TC: It was back in October that Dapper rolled out these video moments, which you buy almost like a Pokemon set in that you’re buying a pack and know you’ll get something “good” but don’t know what. Yet almost half its sales have come in through the last week. Why?

DP: There’s only about maybe 30,000 or 40,000 people playing right now. It’s growing 50% or 100% a day. But the growth has been completely organic. The game is actually still in beta, so we haven’t been doing any marketing other than posting some stuff on Twitter. There hasn’t been attempt to market this and get a lot of players [talking about it] because we’re still working the bugs out, and there are a lot of bugs still to be worked out.

But a couple NBA players have seen this and gotten excited about their own moments [on social media]. And there’s maybe a little bit of machismo going on where, ‘Hey, I want my moment to trade for a higher price.’ But I also think it’s the normals who are playing this. All you need to play is a credit card, and something like 65% of the people playing have never owned or traded in crypto before. So I think the thesis that crypto collectibles could be the thing that brings mainstream users into crypto is playing out before our eyes.

TC: How does Dapper get paid?

DP: We get 5% of secondary sales and 100% minus the cost of the transaction on primary sales. Of course, we have a relationship with the NBA, which collects some of that, too. But that’s the basic economics of how the system works.

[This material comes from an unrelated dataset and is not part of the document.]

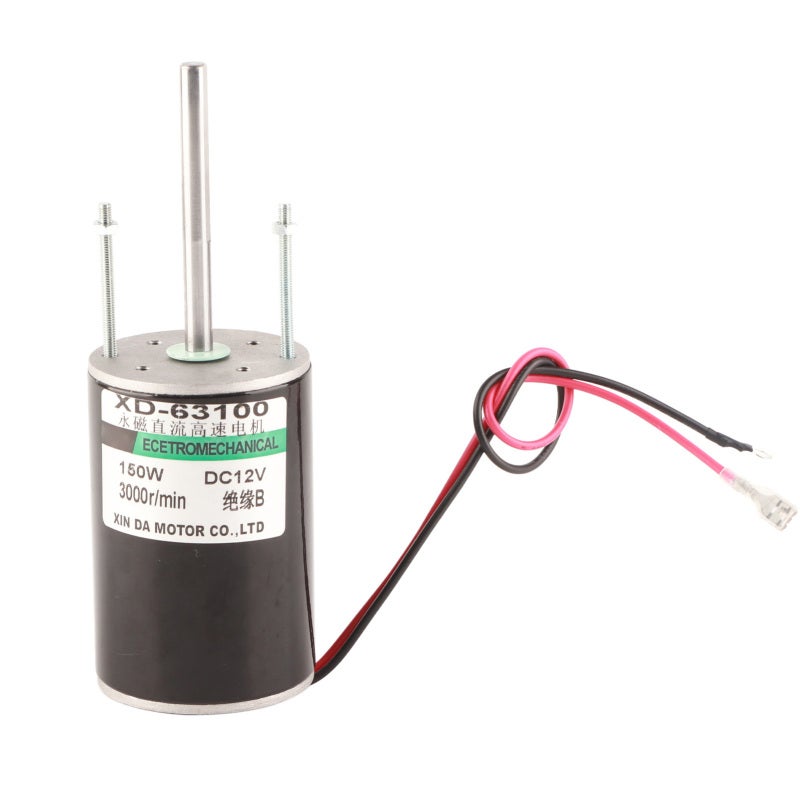 XD Brush DC Motor: 12V/24V 3000/5500RPM 150W - Copper Wire Windings Low Heat Long Life High Speed DC Motor for Lawn Mower Polishing Machine Cutting Machine Electric Drill Toys Small Water Pump - Image 1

TC: Does the NBA have a minimum that it has to be paid every year, and then above and beyond that it receives a cut of the action?

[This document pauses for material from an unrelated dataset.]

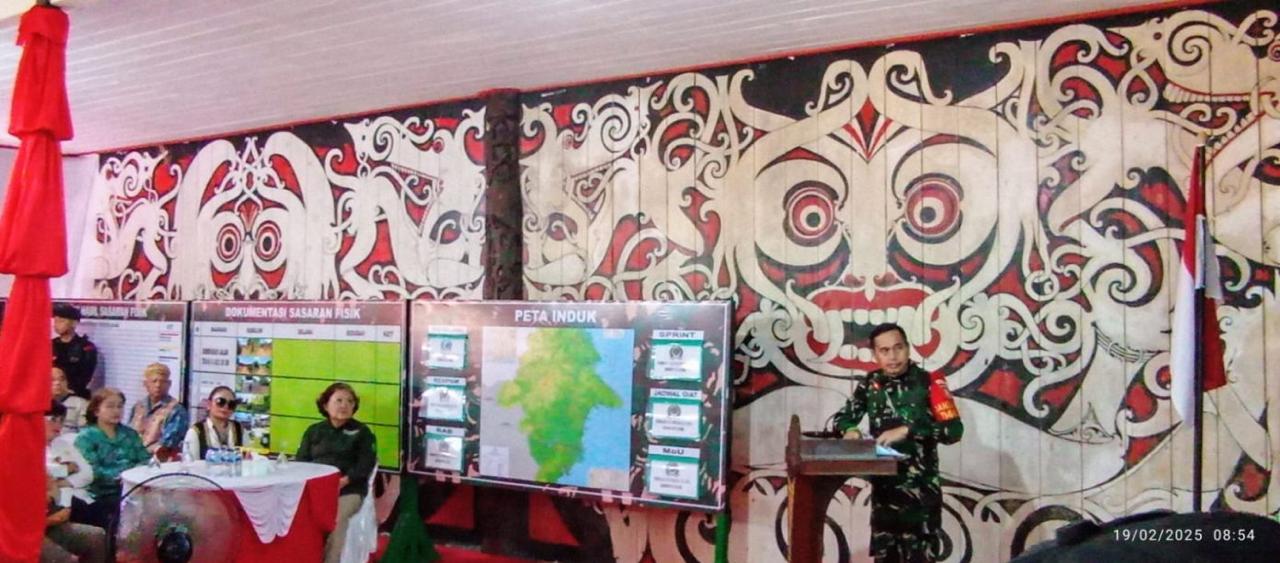 TNI Gelar TMMD Wiltas Ke-123 di Mahakam Ulu, Target Selesai Dalam 30 Hari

DP: I don’t think the company has gone public with the exact economic terms of their relationships with the NBA and the Players Association. But obviously the NBA is the IP owner, and the teams and the players have economic participation in this, which is good, because they’re the ones that are creating the intellectual property here.

But a lot of the appreciation of these moments — if you get one in a pack and you sell it for a higher price — 95% of that appreciation goes to the owner. So it’s very similar to baseball cards, but now IP owners can participate through the life of the product in the downstream economic activity of their intellectual property, which I think is super appealing whether you’re the NBA or someone like Disney, who’s been in the IP licensing business for decades.

And it’s not just major IP where this NFT space is happening. It’s individual creators, musicians, digital artists who could create a piece of digital art, make only five copies of it, and auction it off. They too can collect a little bit each time their works sell in the future.

TC: Regarding NBA Top Shot specifically, prices range massively in terms of what people are paying for the same limited-edition clip. Why?

DP: There are two reasons. One is that like scarce items, lower numbers are worth more than higher numbers, so if there’s a very particular LeBron moment, and they made 500 [copies] of them, and I own number one, and you own number 399, the marketplace is ascribing a higher value to the lower numbers, which is very typical of limited-edition collector pieces. It’s sort of a funny concept. But it is a very human concept.

The other thing is that over time there has been more and more demand to get into this game, so people are willing to pay higher and higher prices. That’s why there’s been a lot of price appreciation for these moments over time.

TC: You mentioned that some of the esoteric language around crypto scares people, but so does the fact that 20% of the world’s bitcoin is permanently inaccessible to its owners, including because of forgotten passwords. Is that a risk with these digital items, which you are essentially storing in a digital locker or wallet?

DP: It’s a complex topic,  but I will say that Dapper has tried to build this in a way where that won’t happen, where there’s effectively some type of password recovery process for people who are storing their moments in Dapper’s wallet.

You will be able to take your moments away from Dapper’s account and put it into other accounts, where you may be on your own in terms of password recovery.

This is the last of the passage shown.